Trying to figure out how an approximation of a logarithmic equation works

Question

The physics books I'm reading gives $$\triangle\tau=\frac{2}{c}\left(1-\frac{2m}{r_{1}}\right)^{1/2}\left(r_{1}-r_{2}+2m\ln\frac{r_{1}-2m}{r_{2}-2m}\right).$$ We are then told $2m/r$ is small for $r_{2}<r<r_{1}$ which gives the approximation$$\triangle\tau\approx\frac{2}{c}\left(r_{1}-r_{2}-\frac{m\left(r_{1}-r_{2}\right)}{r_{1}}+2m\ln\left(\frac{r_{1}}{r_{2}}\right)\right).$$ I can see how $$\frac{2}{c}\left(1-\frac{2m}{r_{1}}\right)^{1/2}\approx\frac{2}{c}$$ but can't see how the rest of it appears. It seems to be saying that$$2\ln\frac{r_{1}-2m}{r_{2}-2m}\approx\left(-\frac{\left(r_{1}-r_{2}\right)}{r_{1}}+2\ln\left(\frac{r_{1}}{r_{2}}\right)\right)$$

I've tried getting all the lns on one side, and also expanding $\ln\frac{r_{1}-2m}{r_{2}-2m}$ to $\ln\left(r_{1}-2m\right)-\ln\left(r_{2}-2m\right)$ and generally juggling it all about but with no luck. Any suggestions or hints from anyone?

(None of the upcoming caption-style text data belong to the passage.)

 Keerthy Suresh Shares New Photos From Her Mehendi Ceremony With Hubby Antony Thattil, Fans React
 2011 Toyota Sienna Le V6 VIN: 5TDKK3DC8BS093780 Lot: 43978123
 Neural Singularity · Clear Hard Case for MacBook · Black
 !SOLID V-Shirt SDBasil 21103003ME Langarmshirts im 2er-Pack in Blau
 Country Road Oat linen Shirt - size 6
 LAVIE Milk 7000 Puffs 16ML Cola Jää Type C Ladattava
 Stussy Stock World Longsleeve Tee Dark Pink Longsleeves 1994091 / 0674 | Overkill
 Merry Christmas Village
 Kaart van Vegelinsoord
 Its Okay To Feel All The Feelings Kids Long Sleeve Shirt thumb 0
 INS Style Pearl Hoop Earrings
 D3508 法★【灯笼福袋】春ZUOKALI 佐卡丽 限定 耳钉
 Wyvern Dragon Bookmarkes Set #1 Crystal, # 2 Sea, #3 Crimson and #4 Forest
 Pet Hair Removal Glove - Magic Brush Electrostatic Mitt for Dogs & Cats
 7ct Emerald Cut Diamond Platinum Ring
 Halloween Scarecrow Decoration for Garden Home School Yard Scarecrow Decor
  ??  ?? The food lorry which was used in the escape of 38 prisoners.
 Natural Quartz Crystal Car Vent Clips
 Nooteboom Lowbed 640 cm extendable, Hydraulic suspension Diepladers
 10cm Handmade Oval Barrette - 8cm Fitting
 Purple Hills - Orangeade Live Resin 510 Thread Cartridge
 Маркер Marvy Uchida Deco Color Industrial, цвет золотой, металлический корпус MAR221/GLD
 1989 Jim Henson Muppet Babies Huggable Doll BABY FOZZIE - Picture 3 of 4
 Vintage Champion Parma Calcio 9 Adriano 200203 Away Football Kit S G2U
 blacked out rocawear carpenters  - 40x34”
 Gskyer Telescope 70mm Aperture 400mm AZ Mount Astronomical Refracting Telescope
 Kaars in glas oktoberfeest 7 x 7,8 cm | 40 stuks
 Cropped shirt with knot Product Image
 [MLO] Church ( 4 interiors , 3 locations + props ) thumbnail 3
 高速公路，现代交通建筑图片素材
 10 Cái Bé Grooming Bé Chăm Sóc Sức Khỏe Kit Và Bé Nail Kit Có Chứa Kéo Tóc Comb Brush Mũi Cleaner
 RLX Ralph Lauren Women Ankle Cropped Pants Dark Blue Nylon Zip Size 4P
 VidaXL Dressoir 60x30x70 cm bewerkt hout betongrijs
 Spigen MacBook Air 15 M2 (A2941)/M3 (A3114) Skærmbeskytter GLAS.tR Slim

It's to do with the gravitational time delay effect. It seems a bit more maths than physics which is why I'm asking it here.

Many thanks

Answer 1

As Raskolnikov says, the first approximation is actually

$$ \frac{2}{c}\left(1-\frac{2m}{r_1}\right)^{1/2}\approx\frac{2}{c}\left(1-\frac{m}{r_1}\right) $$

This is a valid approximation because the power series for $(1-x)^{1/2}$ is

$$1 -\frac{1}{2}x+\cdots$$

So as long as $x=\frac{2m}{r_1}$ is close to zero, the above approximation is a valid first-degree approximation. Expanding this substitution,

$$ \begin{align} \Delta\tau&\approx\frac{2}{c}\left(1-\frac{m}{r_1}\right)\left(r_{1}-r_{2}+2m\ln\frac{r_{1}-2m}{r_{2}-2m}\right)\\ & = \frac{2}{c}\left(r_{1}-r_{2}-\frac{m(r_1-r_2)}{r_1}+2m\left(1-\frac{m}{r_1}\right)\ln\frac{r_{1}-2m}{r_{2}-2m}\right) \end{align} $$

So the second approximation that has been made is

$$ \begin{align} \left(1-\frac{m}{r_1}\right)\ln\frac{r_{1}-2m}{r_{2}-2m}&\approx\ln\left(\frac{r_1}{r_2}\right)\\ \end{align} $$

This is equivalent to the following approximation using logarithm rules

$$ \begin{align} \left(1-\frac{m}{r_1}\right)\left(\ln(r_1)+\ln(1-2m/r_1)-\ln(r_2)-\ln(1-2m/r_2)\right)&\approx\ln\left(\frac{r_1}{r_2}\right)\\ \end{align} $$

Now you just drop all the terms that have $\frac{m}{r_i}$, and your approximation is another logarithm rule. It is valid to drop these terms, because presumably $\ln(r_1)$, $\ln(r_2)$, and $1$ are relatively much larger.

Answer 2

It actually seems to me they use

$$\frac{2}{c}\left(1-\frac{2m}{r_{1}}\right)^{1/2}\approx\frac{2}{c}\left(1-\frac{m}{r_{1}}\right)$$

and

$$2m\ln\frac{r_{1}-2m}{r_{2}-2m}\approx 2m\ln\left(\frac{r_{1}}{r_{2}}\right) \; .$$

EDIT: Just realized the following:

$$2m\ln\frac{r_{1}-2m}{r_{2}-2m}\approx 2m\ln\left(\frac{r_{1}}{r_{2}}\right) + 2m\left(\frac{2m}{r_2}-\frac{2m}{r_1}\right) \; .$$

Now the last term can be rewritten as

$$2m\left(\frac{2m}{r_2}-\frac{2m}{r_1}\right) = \frac{(2m)^2}{r_1 r_2}(r_1-r_2) = \left(\frac{2m}{r_1}\right)\left(\frac{2m}{r_2}\right)(r_1-r_2) $$

which is negligible.